Everyone who knows me knows I'm a super texter, always have been ... well specifically since March 2002. My co-worker, Laurie, thought it was time I learned how to communicate with her from across the room in a more modern way than handwritten notes via paper airplane. Ahhhh. I still remember the day she taught me how to text on my old school, fat-ass Nokia that was the size of a newborn baby. **happy-memory tears**
Five years later, the professional texter (ME!) was at school, wandering to the restroom during a class break. I have a bad habit of texting and walking, and since I'm severely one-track-minded, no matter how bad I have to pee, my pace doesn't accelerate while my brain is focused on tapping the phone keys.

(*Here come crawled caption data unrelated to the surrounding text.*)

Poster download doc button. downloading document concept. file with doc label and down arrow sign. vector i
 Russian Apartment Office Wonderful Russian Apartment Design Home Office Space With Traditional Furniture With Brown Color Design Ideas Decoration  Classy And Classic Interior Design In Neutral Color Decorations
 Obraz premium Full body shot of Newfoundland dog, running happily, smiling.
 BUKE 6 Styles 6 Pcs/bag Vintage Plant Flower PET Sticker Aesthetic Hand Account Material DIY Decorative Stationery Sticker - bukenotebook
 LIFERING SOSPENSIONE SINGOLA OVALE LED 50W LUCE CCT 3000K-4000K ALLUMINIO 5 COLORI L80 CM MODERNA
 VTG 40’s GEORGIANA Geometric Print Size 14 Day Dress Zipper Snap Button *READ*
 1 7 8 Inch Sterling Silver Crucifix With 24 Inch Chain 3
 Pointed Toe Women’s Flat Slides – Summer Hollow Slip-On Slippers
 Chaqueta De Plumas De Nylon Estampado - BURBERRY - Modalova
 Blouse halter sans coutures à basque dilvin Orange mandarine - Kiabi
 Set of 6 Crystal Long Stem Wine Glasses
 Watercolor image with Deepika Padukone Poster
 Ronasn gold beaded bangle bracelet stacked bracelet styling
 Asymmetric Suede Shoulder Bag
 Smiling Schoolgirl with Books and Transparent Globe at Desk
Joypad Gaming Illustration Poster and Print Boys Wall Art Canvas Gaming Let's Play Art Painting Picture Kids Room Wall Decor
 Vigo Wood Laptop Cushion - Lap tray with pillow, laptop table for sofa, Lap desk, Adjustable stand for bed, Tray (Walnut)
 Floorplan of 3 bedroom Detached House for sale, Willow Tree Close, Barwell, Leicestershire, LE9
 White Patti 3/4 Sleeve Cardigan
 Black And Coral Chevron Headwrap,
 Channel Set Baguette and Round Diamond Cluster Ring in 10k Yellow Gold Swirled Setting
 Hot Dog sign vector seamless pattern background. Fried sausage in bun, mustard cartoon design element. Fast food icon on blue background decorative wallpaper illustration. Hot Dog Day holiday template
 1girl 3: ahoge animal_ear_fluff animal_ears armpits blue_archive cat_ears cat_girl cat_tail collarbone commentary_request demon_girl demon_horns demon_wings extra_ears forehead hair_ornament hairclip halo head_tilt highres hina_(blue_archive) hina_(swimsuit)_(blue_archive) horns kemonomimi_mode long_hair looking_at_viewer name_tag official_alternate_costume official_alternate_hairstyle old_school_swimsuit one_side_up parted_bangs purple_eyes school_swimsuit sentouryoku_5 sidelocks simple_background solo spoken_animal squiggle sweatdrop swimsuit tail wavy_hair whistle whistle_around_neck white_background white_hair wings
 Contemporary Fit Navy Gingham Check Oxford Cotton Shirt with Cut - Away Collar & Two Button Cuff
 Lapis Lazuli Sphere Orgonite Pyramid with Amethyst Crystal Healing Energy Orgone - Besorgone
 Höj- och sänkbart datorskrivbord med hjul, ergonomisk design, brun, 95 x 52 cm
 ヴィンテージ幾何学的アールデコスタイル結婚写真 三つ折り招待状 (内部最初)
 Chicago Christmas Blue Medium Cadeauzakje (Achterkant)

Luckily, my school was my second (sometimes first) home, so I didn't need to look where I was going. All three floors of this building were identical, and I could maneuver it blind.
I text-walked straight into the restroom, but something made me look up as I got a weird vibe. What was probably one-tenth of a second, felt like 1o minutes! I stood there ... staring up at my classmate watering a porcelain flower, one that didn't belong in the girls' laboratory. Ummm, yea. I had wandering aimlessly straight into the men's bathroom!
He was obviously mid-stream because after hearing the unfamiliar sound of loud clicky heels in the men's room, he gave a very limited side glance, and as I saw his head turning, I unfroze from my state of shock and clicked those heels right back out the doorway at the speed of an asteroid.
Hyperventilating, I latched on to the arm of my friend and confessed my sin to purge myself of the volcanic eruption of guilt that would have been the death of me. She was barely paying attention to me at first as she perused a jewelry fair in the lobby. But when she heard the punchline of my non-joke, she let out a high-pitched laugh and asked me something that made me feel like all my hair was standing straight up.
"Did he SEE you!??? OH MY GOD! I wonder if he saw it was you!"
After my mini-heart attack, it was time to head back to class where I faced the moment of terror! HIS FACE. My friend kept giggling and I kept shushing her. I broke into a cold sweat as he walked in, and I ducked, pretending to look for an imaginary object in my purse.
I spent the rest of the semester avoiding him like a wasp nest (I'm deathly horrified of wasps). Ironically, the next semester he ended up in two of my classes and after group projects, we became very good friends. He was there for me in some of my darkest times that year, and he was one of the people who screamed and cheered the loudest for me during graduation as I received one of the greatest honors of my life that day.
I never thought I'd live to see the day I got over the anxiety and stopped wondering if he knew it was me who ALMOST, but DIDN'T see the proof of his gender. And I never asked!
Next blog - Awkward moment #3, "Nursing school drop-out"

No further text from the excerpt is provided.